Es gab damals noch Vemunft in Deutschland: 1975 bekam das Bundesarbeitsministerium den Auftrag, eine Lösung zur Senkung der Sozialhilfekosten zu erarbeiten. Das Ergebnis des Ministers war einfach: Per Erlass erlaubte er allen ankommenden Asylantragstellern die Arbeit ab dem ersten Tag - mit der überraschenden Erklärung: Wer arbeitet, braucht ja keine Sozialhilfe.

1978 wurden dann die "Anerkennungsausschüsse" des Bundesamtes abgeschafft und durch Einzelentscheider ersetzt. Inzwischen hatte Deutschland es mit einer großen Zahl vietnamesischer Flüchtlinge zu tun. Da zur Rettung dieser "Boat-People" eigens ein deutsches Rettungsschiff, die private "Cap Anamur", ins Chinesische Meer fuhr, war bei einem großen Teil dieser Flüchtlinge aber (damals) völlig klar: Wer von einem privaten deutschen Schiff gerettet wurde, wurde selbstverständlich nach Deutschland gebracht und bekam hier ein Aufenthaltsrecht. Weder zum Prinzip der Seenotrettung noch zur Pflicht zur Aufnahme gab es damals Diskussionen.

Ein neuer Einschnitt ergab sich 1977 aus einem Urteil des Bundesverwaltungsgerichtes. Hatte bis dahin die Genfer Flüchtlingskonvention gegolten, nach der ein Flüchtling ist, wer eine "begründete Furcht vor Verfolgung hat", wurde jetzt geurteilt, die Verfolgung selbst, nicht nur die Furcht müsste glaubhaft gemacht werden. Mit diesem Urteil entstand praktisch das heutige Asylverfahren, das sich teils über Jahre hinzieht mit Anhörung, Entscheidung, Klage und Urteil.

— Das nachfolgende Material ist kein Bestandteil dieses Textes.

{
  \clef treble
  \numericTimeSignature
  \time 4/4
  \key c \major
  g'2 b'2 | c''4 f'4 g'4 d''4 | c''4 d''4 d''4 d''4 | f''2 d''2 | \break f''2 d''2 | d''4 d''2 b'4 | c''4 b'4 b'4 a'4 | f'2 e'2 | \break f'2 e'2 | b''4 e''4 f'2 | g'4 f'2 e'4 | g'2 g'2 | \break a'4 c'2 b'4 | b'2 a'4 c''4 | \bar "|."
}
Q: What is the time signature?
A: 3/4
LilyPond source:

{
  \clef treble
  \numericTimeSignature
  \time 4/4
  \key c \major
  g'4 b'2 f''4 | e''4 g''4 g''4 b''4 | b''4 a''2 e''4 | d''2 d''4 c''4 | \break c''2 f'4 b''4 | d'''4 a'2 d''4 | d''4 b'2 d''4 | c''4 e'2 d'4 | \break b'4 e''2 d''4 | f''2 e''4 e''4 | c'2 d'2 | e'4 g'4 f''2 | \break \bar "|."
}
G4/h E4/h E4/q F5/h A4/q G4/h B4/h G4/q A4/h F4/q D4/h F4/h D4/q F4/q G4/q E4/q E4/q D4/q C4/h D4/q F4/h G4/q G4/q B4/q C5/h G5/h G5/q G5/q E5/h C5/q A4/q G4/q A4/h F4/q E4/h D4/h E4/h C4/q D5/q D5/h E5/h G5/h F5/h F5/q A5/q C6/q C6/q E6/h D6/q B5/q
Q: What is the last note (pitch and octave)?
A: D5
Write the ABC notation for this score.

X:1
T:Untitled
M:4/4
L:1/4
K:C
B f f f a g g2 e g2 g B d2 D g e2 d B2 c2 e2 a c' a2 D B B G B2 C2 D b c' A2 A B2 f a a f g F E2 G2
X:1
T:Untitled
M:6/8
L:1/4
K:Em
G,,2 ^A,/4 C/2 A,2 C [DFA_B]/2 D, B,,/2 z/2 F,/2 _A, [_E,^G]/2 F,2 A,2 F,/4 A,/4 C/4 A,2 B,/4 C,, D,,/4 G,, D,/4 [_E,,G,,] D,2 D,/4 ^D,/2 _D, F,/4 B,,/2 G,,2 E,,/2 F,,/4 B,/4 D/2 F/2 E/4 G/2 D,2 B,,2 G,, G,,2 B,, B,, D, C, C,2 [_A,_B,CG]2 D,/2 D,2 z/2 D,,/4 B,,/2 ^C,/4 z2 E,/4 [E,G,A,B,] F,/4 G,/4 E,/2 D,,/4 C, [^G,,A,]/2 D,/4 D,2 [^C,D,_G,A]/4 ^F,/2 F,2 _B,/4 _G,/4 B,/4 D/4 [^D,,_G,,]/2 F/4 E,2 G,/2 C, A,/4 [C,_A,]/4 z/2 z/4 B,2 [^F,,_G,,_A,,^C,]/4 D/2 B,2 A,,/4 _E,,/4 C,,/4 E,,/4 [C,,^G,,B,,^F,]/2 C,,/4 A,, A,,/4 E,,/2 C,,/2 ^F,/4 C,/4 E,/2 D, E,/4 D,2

In den folgenden Kapiteln stellt der Autor die Entwicklung durch die Grenzöffnung dar, die mehrere hunderttausend Flüchtlinge nach Westdeutschland brachte. Vorher gab es noch ein rückblickend peinliches Abkommen, mit dem die BRD die nicht anerkannte DDR gegen Geldzahlungen dazu verpflichte, nach dem Verbot der Republikflucht für Staatsbürger endlich auch Ausländern das Verlassen des Landes zu verbieten, kamen doch viele Flüchtlinge über den Flughafen Ostberlin nach Westberlin, weil die DDR-Grenzer bis dahin nur eigene Bürger am Verlassen des Landes hinderten. Offiziell behielt die Bundesregierung natürlich die Position bei, dass sie gegen die Strafbarkeit der "Republikflucht" seien, nur war es nach diesem Abkommen nicht mehr so überzeugend. Heute, in Zeiten der Seenotrettungs-Verhinderung auf dem Mittelmeer und der Verträge mit so ziemlich jedem Diktator und jeder Miliz in Afrika versucht die Bundesregierung gar nicht mehr, bei der Glaubwürdigkeit zu punkten.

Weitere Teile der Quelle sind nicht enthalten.